NEW YORK (AP) — Vice Media plans to lay off several hundred employees and stop publishing material on its website Vice.com, the company's CEO said in a memo to staff Thursday.
Vice, which filed for bankruptcy last year before selling to a consortium led by Fortress Investment Group for $350 million, also plans to sell its Refinery 29 publishing business, CEO Bruce Dixon said in his memo to staff.
It's the latest sign that the media industry is in financial trouble. Digital sites Messenger, BuzzFeed News and Jezebel all closed last year, and legacy media outlets like the Los Angeles Times, Washington Post and Wall Street Journal also saw job cuts.
Once a swashbuckling media company aimed at younger audiences with an immersive storytelling style that spanned digital, television and film channels, New York-based Vice was valued at $5.7 billion in 2017.


Dixon did not provide details on the layoffs, but said hundreds of people would be affected and would be notified early next week. The New York Times reported that the company currently employs about 900 people.
“I know saying goodbye to our valued colleagues is difficult and overwhelming, but this is the best path forward for Vice as we position the company for long-term creative and financial success,” said Dixon.

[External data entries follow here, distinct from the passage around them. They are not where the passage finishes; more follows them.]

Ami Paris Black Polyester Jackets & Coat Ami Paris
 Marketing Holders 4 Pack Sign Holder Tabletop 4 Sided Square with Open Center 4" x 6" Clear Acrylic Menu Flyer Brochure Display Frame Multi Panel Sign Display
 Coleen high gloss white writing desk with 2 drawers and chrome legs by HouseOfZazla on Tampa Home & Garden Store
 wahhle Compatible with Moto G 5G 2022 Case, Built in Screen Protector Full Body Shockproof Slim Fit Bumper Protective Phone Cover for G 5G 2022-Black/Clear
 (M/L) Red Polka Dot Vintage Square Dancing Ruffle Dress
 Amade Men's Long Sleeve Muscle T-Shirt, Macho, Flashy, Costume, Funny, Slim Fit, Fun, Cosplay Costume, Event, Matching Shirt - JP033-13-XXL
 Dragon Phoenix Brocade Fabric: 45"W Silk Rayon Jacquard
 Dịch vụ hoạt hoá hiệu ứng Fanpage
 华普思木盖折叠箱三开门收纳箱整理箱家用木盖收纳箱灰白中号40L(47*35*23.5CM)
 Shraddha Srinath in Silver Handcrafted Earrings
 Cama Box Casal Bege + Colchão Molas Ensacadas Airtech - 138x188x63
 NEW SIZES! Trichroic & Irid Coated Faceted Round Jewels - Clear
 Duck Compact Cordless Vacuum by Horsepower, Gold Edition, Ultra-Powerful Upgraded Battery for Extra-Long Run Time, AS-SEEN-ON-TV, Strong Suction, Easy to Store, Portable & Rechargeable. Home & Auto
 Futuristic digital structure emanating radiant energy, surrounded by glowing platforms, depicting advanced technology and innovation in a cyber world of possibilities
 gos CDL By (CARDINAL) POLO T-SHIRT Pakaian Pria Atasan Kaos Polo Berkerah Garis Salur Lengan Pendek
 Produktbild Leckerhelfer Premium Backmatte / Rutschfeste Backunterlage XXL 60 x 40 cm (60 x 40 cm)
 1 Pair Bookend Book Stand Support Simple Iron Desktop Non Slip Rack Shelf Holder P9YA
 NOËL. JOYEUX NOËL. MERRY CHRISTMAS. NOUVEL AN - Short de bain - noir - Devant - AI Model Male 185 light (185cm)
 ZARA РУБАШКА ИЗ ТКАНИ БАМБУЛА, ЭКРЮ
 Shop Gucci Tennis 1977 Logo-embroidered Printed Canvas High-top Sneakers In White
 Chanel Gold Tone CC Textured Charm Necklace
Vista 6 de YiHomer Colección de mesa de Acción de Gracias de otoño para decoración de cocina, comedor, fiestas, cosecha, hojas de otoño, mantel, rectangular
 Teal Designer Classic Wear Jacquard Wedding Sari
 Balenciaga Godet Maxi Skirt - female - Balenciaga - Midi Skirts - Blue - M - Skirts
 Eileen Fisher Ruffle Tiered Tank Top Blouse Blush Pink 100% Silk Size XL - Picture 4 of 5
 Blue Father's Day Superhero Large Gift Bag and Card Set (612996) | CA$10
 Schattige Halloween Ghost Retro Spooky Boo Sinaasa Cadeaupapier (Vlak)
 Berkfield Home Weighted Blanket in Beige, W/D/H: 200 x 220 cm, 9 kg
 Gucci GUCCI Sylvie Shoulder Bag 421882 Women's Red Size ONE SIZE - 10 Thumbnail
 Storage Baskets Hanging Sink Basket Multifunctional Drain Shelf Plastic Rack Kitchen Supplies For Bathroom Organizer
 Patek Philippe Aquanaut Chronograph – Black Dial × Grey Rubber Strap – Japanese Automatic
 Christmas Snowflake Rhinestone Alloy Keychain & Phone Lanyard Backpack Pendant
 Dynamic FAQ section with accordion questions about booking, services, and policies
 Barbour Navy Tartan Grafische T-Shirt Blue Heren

He said it was no longer cost effective for Vice to distribute its digital content, including news, in the current manner. He said Vice will place more emphasis on its social channels and look for other ways to distribute its content.
As part of its strategic realignment, Dixon said Vice will follow a studio model.
Before Vice filed for bankruptcy protection last year, the company shut down its television show “Vice News Tonight” in a round of layoffs.